Kaba ve dayatmacı bir iktidar reçetesiyle bir büyük medeniyeti toptan çözebileceklerine inanan Jakoben zihniyetin, 19. yüzyılda Avrupa’yı kasıp kavuran modernizm rüzgarının gölgesinden faydalanmayı düşündükleri çok açıktı. Oysa 19. yüzyılda Osmanlı coğrafyası ne Avrupa’ydı ne de Avrupa’daki toplumsal ve siyasal gelişmeler Ortadoğu coğrafyası ile örtüşüyordu. Eğer Türkiye'de kültürü dönüştüren bir sivri siyasi dönem seçilirse, bunun 1923'den 1938’e kadar süren tarihi periyot olduğu çok aşikar görülecektir.
Siyasi alanda yapılanlar; Saltanatın kaldırılması (1 Kasım 1922), Cumhuriyetin İlanı (29 Ekim 1923) Halifeliğin kaldırılması (3 Mart 1924)... Toplumsal alanda yapılanlar; Kılık – Kıyafet İnkılabı: Şapka Kanunu (25 Kasım 1925), Dini Kıyafetlerle dolaşılmasının yasaklanması (3 Aralık 1934). Tekke, Zaviye ve Türbelerin Kapatılması (30 Kasım 1925). Hicri ve Rumi takvim yerine Miladi Takvim (1 Ocak 1926). Ağırlık ve uzunluk ölçüsü olarak uluslararası ölçüler olan gram ve metrenin kullanılmaya başlanması (1 Nisan 1931). Devletlerarası ilişkilerde düzeni sağlayabilmek için hafta tatilinin Cuma’dan Pazara alınması. (1935). Soyadı Kanunu’nun Kabulü (21 Haziran 1934)... Hukuksal alanda yapılanlar; Mecellenin kaldırılması (1924-1937), Türk Medeni Kanunu Kabulü (17 Şubat 1926)... Eğitim ve Kültür alanında yapılanlar; Öğretimin birleştirilmesi (3 Mart 1924). Yeni Türk harflerinin kabulü (1 Kasım 1928). Türk Dil ve Tarih Kurumlarının kurulması (1931-1932). Üniversite öğreniminin düzenlenmesi (31 Mayıs 1933).
Ekonomik alanlarda yapılanları kabaca İzmir İktisat kongresi ile 1. beş yıllık kalkınma planı olarak özetlemek, bu dönemin tabiatına uygun olur. Aslında iktisadi hayatın göstergeleri, yukarıda özet akış içinde anlattığım toplumsal, siyasal, hukuksal ve kültürel çabaların, toplumun gerçek realitesinden ne kadar uzak ve ne kadar keyfi ve iradi olarak tayin edildiğini gözler önüne seriyor. Bir önceki yazımda devletin bir ulus inşa ettiğini söylemiştim. Yukarıdaki tablo bu inşanın dayanaklarını anlatıyor. Dayanakları ve gerekçeleri yanlış olan bir idari sistemden, huzur ve refah içinde büyüyen bir toplum beklemek sadece hayalcilik olmaz, aynı zamanda bu durum bir büyük kandırmacaya da dönüşür.

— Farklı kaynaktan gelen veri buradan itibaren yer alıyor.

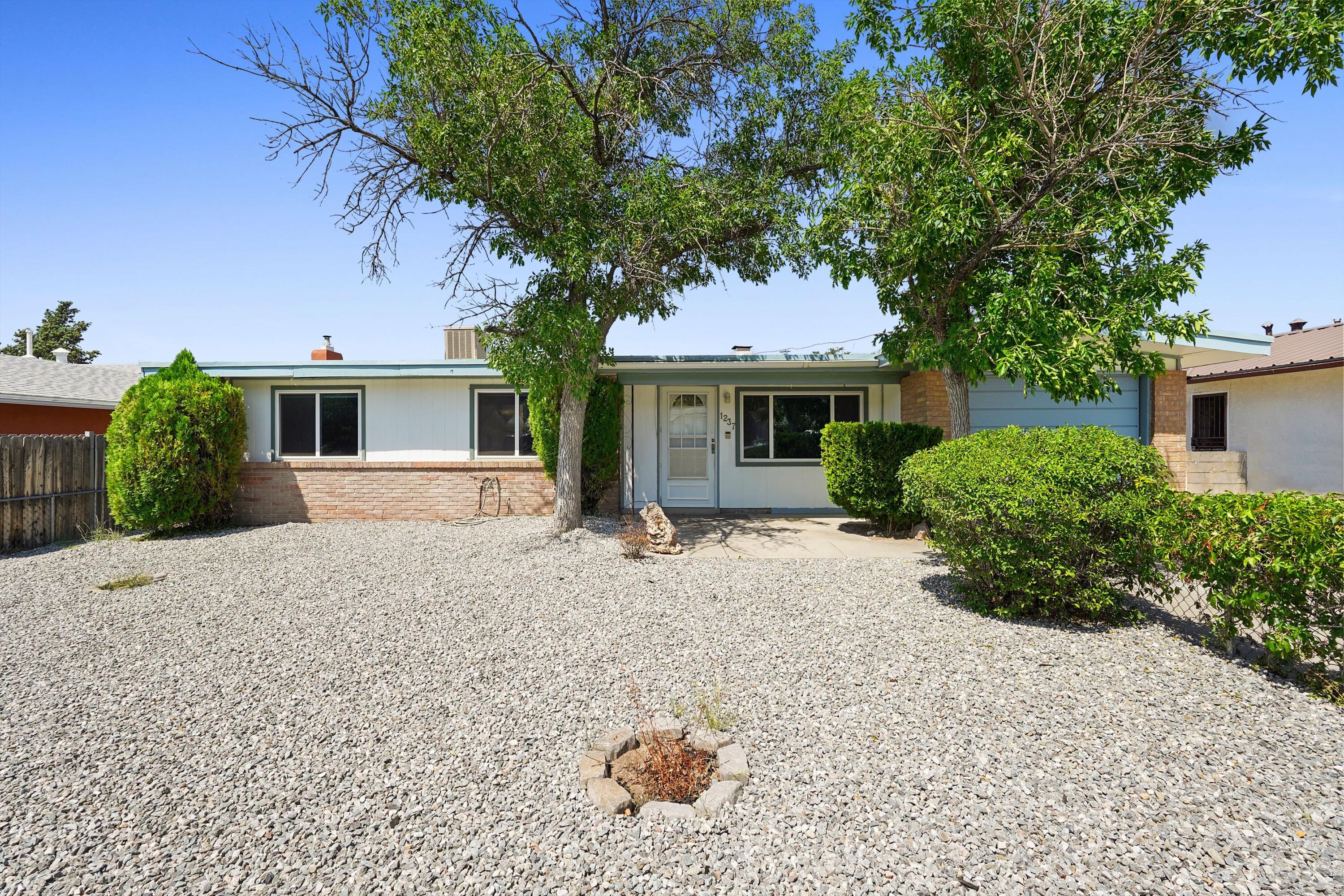 1237 HUPMOBILE Drive NE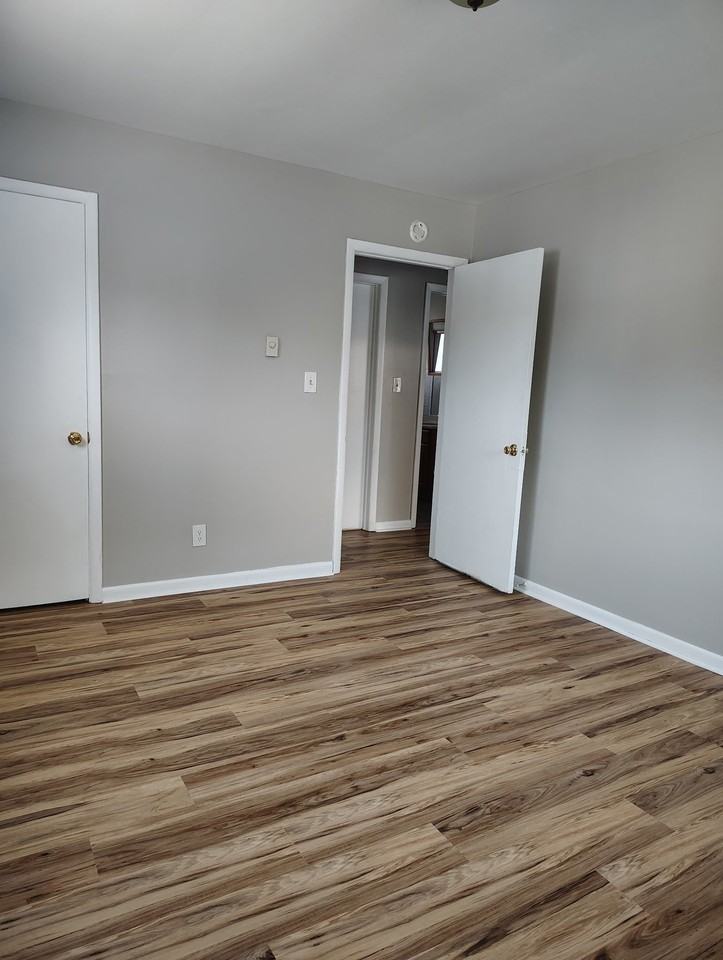 601 Park Ave #4 - Photo 5 of 9
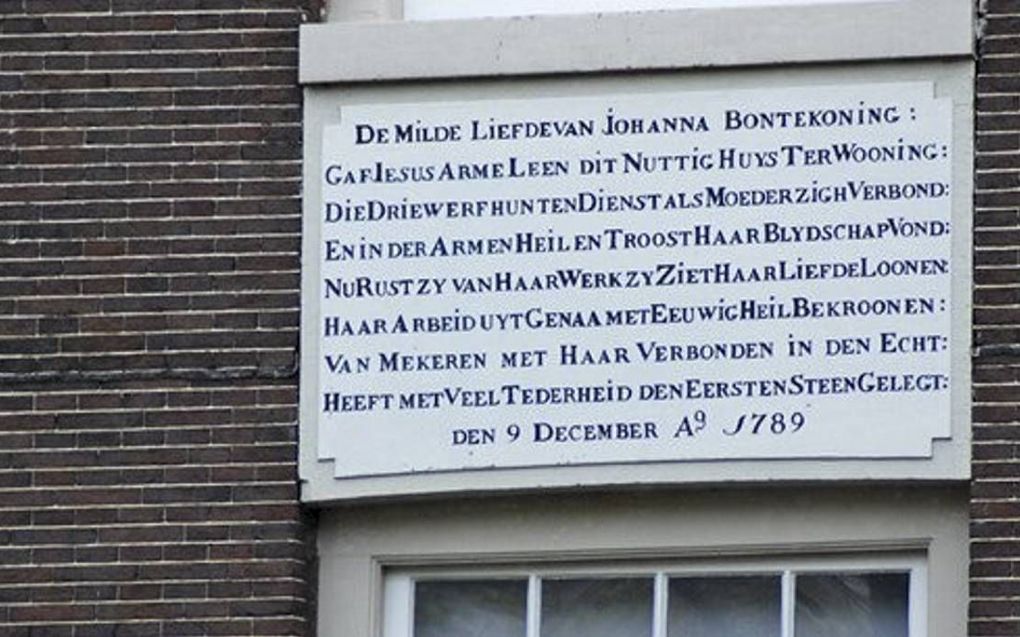 Op een gedenkplaat aan een Amsterdams pand wordt Johanna Bontekoning bedankt voor haar gift. Dit Amsterdamse pand was oorspronkelijk een opvanghuis voor armen. beeld George Hooijer, gevelstenen.net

Uluslar, tarih içinde oluşmuş istikrarlı topluluklardır. Eğer bir ulusun kendi tarihiyle kurduğu geleneksel bağları değiştirirseniz, o ulus bir tür hafıza kaybına uğrar ve o ulusu idare etmek daha kolay hale gelir. Çünkü bir dilin içinde olmak aslında bir kültürün içinde olmak demektir. Dilini değiştirmeye kalkıştığınızda kültürel kuraklık ve yozlaşma kaçınılmaz olur. Kılık kıyafet, harf ve dil devrimlerinin yol açtığı sonuç zaten bu oldu. Toplumun tarihsel hafızası silinmeye çalışıldı.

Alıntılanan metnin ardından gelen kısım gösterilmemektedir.